A anistia de 1979 tem de ser revogada, em nome das vítimas da ditadura mais brutal que o Brasil já conheceu e de nosso auto-respeito como nação. Que se levante a bandeira correta e justa, de uma vez por todas!
Quanto a Genro e Vannuchi, a dignidade impõe que se afastem de um governo que os desautoriza a cada momento.
Assim como a dignidade impõe ao presidente Lula que renuncie à pensão de prejudicado pela ditadura [passou 31 dias preso no Dops em 1980, com a imprensa cansando de publicar fotos dele batendo bola com outros sindicalistas detidos...] que vem recebendo há décadas e restitua cada centavo aos cofres públicos.
Por uma questão de coerência: quem se alinha com os déspotas e verdugos, moralmente não merece reparação de vítima.
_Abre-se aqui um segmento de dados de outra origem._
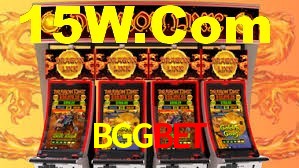 Welcome Bonus BGGBET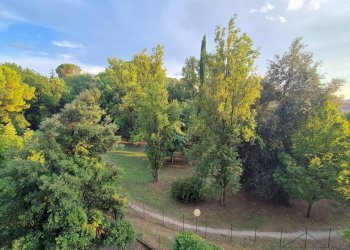 Foto 23 - Apartment via M. L. King
 
15, Terni - photo 23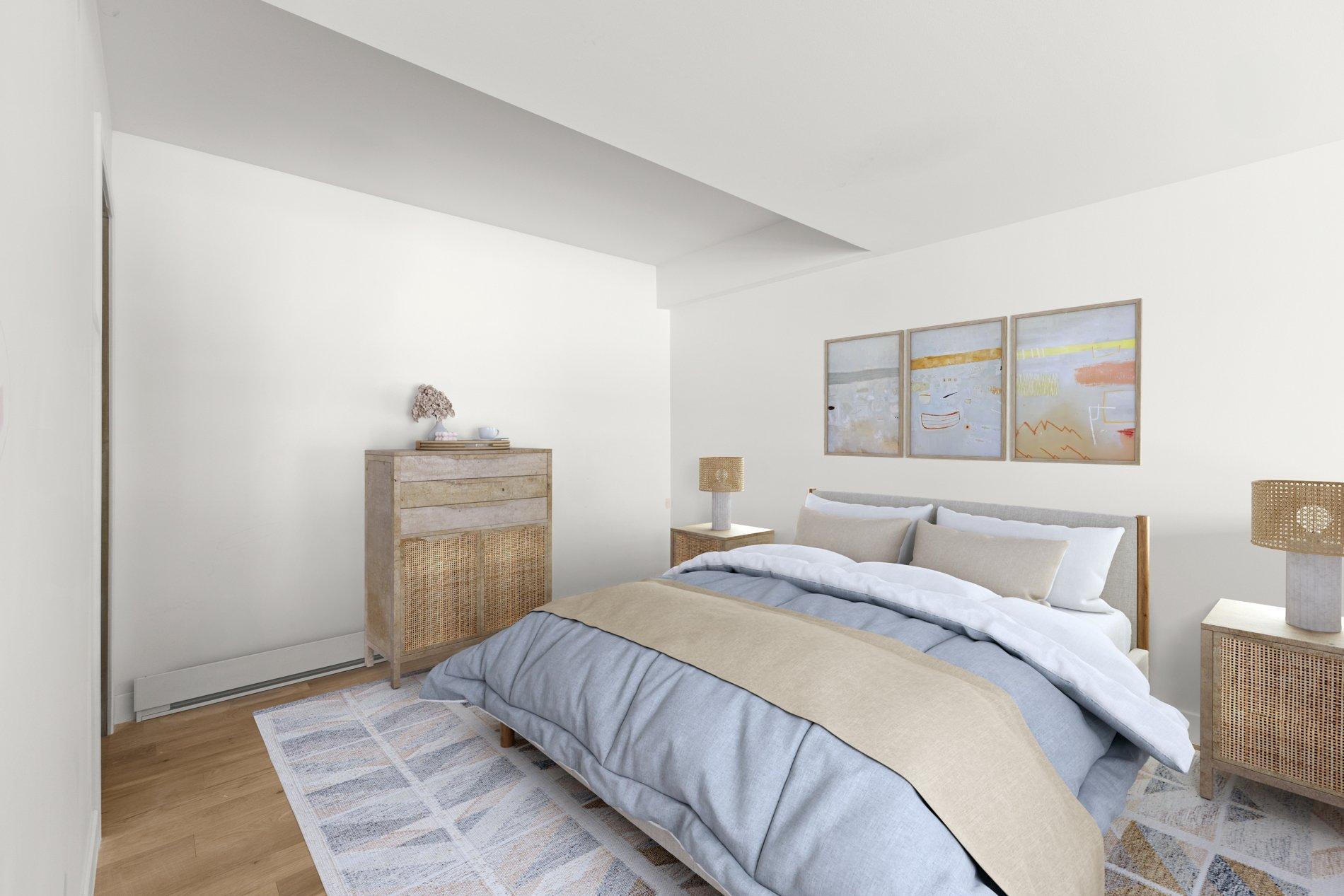 









7592


Rue St-André

,
Montréal (Villeray/Saint-Michel/Parc-Extension),




QC
H2R2N7

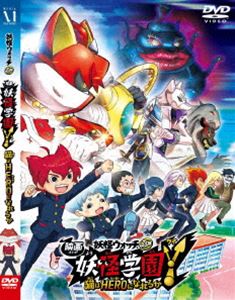 �ǲ� �Ų��ر�Y ǭ��HERO�ˤʤ�뤫 [DVD]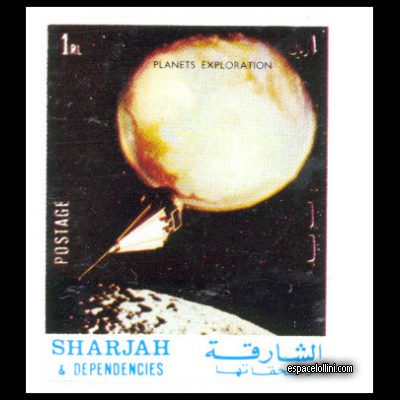 le timbre 5680 SHA 5 A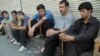 نقش تحریم در نابسامانی‌های اقتصادی ایران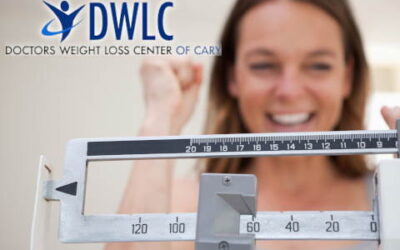 dwlc-cary-weight-loss 1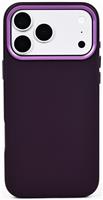 Proporta iPhone18 Pro Phone Case - Purple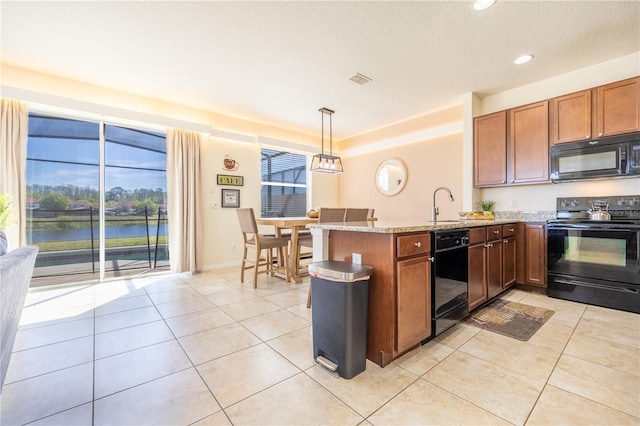 561 Las Fuentes Dr, Kissimmee, FL 34746 - photo 6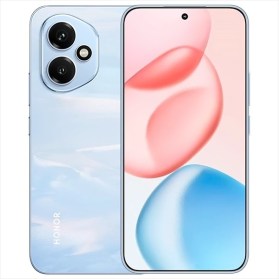 Honor 400 5G blue6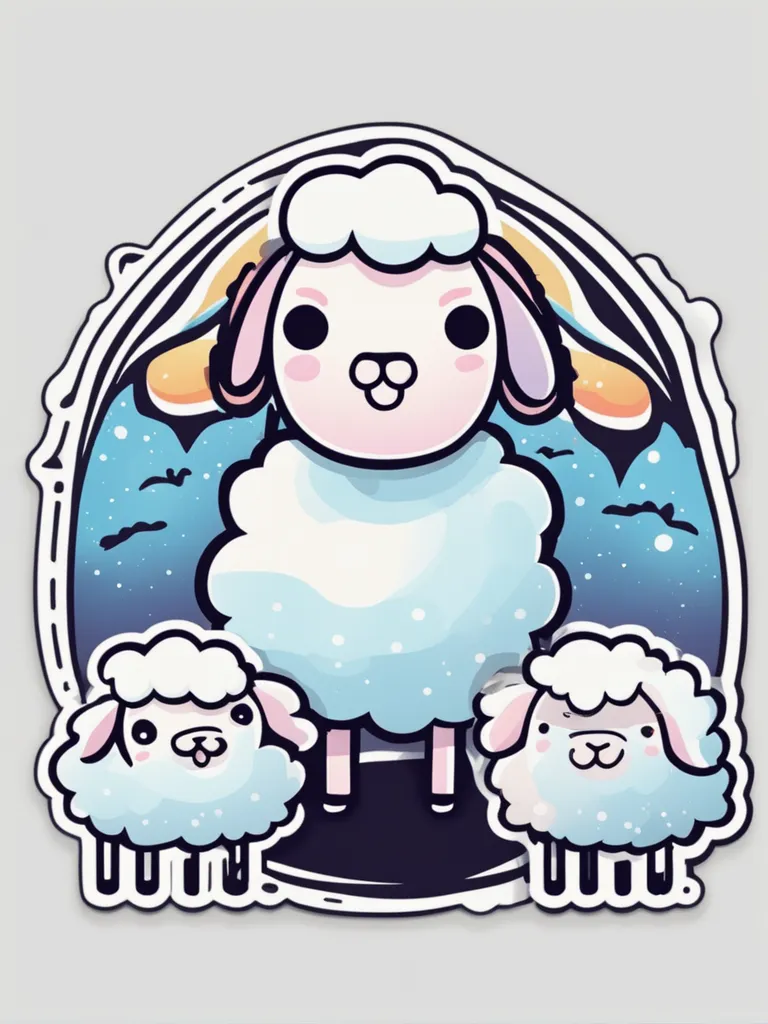 sheep,sheep wallpaper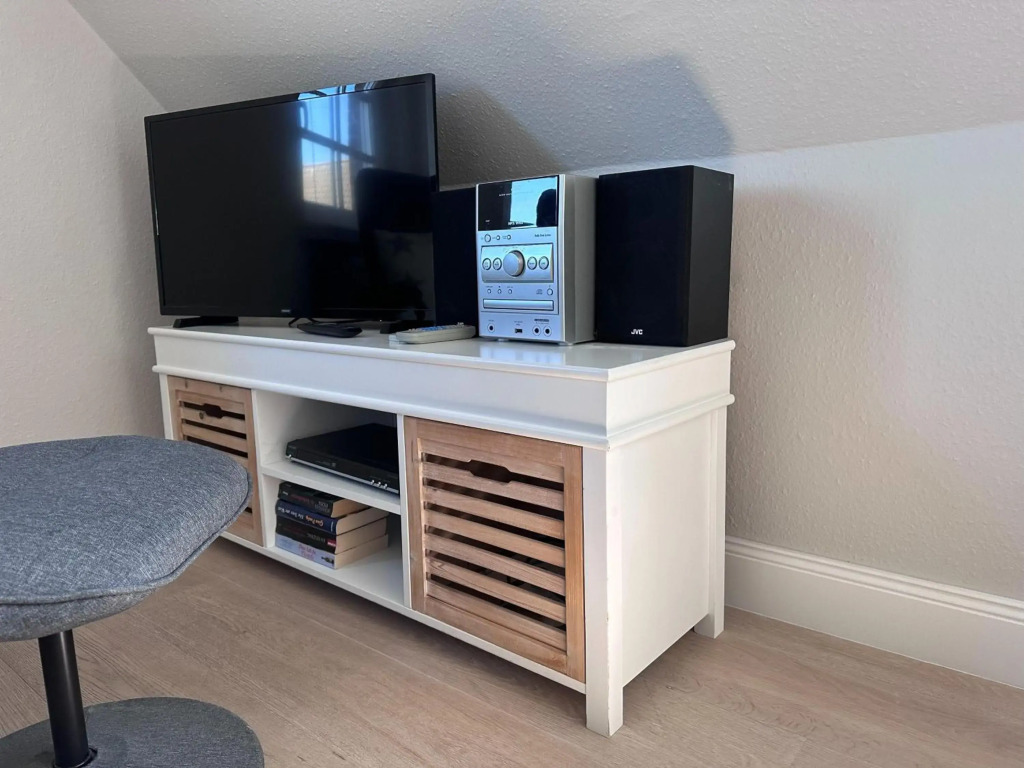Schmucke-Huus-Appartement-2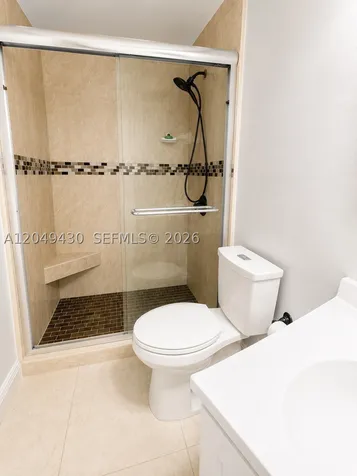 3504 NW 111th Avenue Sunrise FL 33351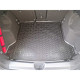 Килимок в багажник Volkswagen ID.Unyx 2024+ (Avto-Gumm)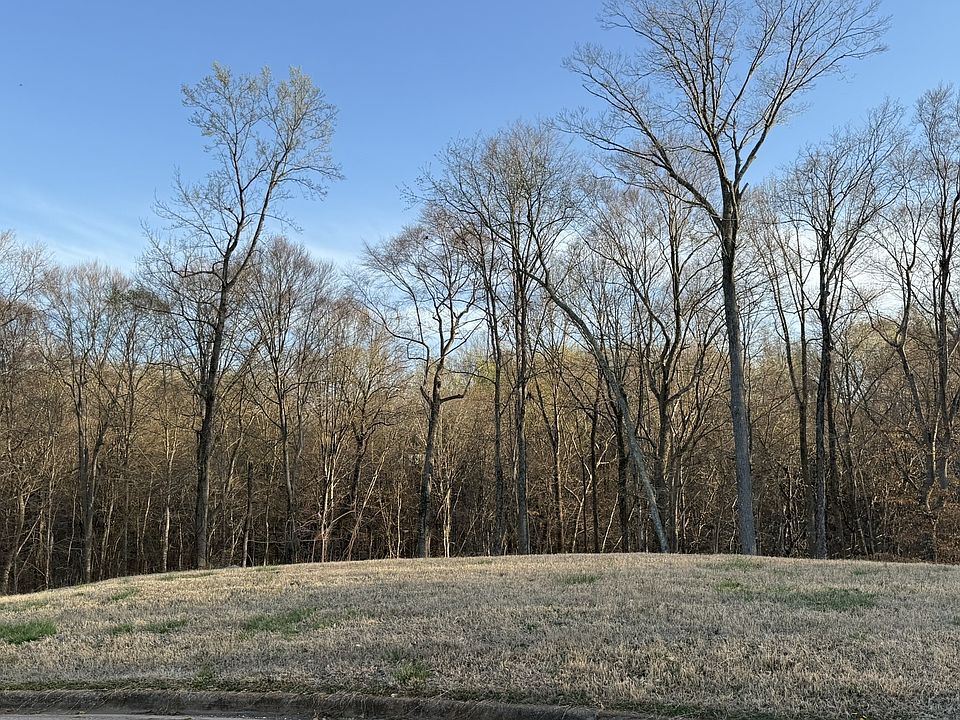 1st image of 156 Enclave At The Vlg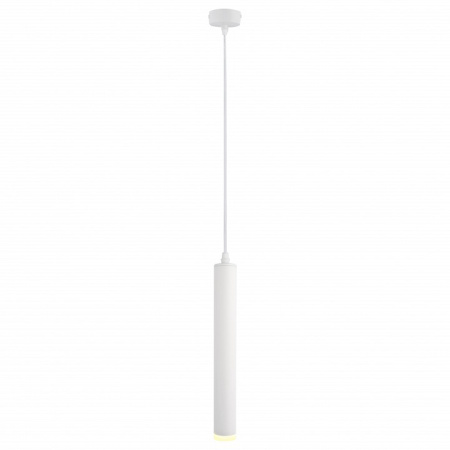 Открыть Подвесной светильник Arte Lamp Hubble A6810SP-1WH Фото Подвесной светильник Arte Lamp Hubble A6810SP-1WH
É o mesmo caso do Cabo Anselmo [o qual pleiteava anistia de vítima da ditadura sob a alegação de que, inexistindo o regime de exceção, ele não teria desempenhado o papel de traidor e algoz de militantes; o seu pedido em princípio atendia às regras do programa e só pôde ser recusado porque se comprovou que ele já era agente do Cenimar infiltrado na esquerda antes do golpe de 1964].
PAREM AS ROTATIVAS!!! – O artigo acima republicado era a parte inicial de uma duologia sobre como o Brasil até agora vinha falhando miseravelmente na eliminação do entulho ditatorial chamado Lei da Anistia, um mero habeas corpus preventivo que os mandantes dos extermínios e atrocidades da ditadura militar concederam em 1979 a si próprios e a seus jagunços.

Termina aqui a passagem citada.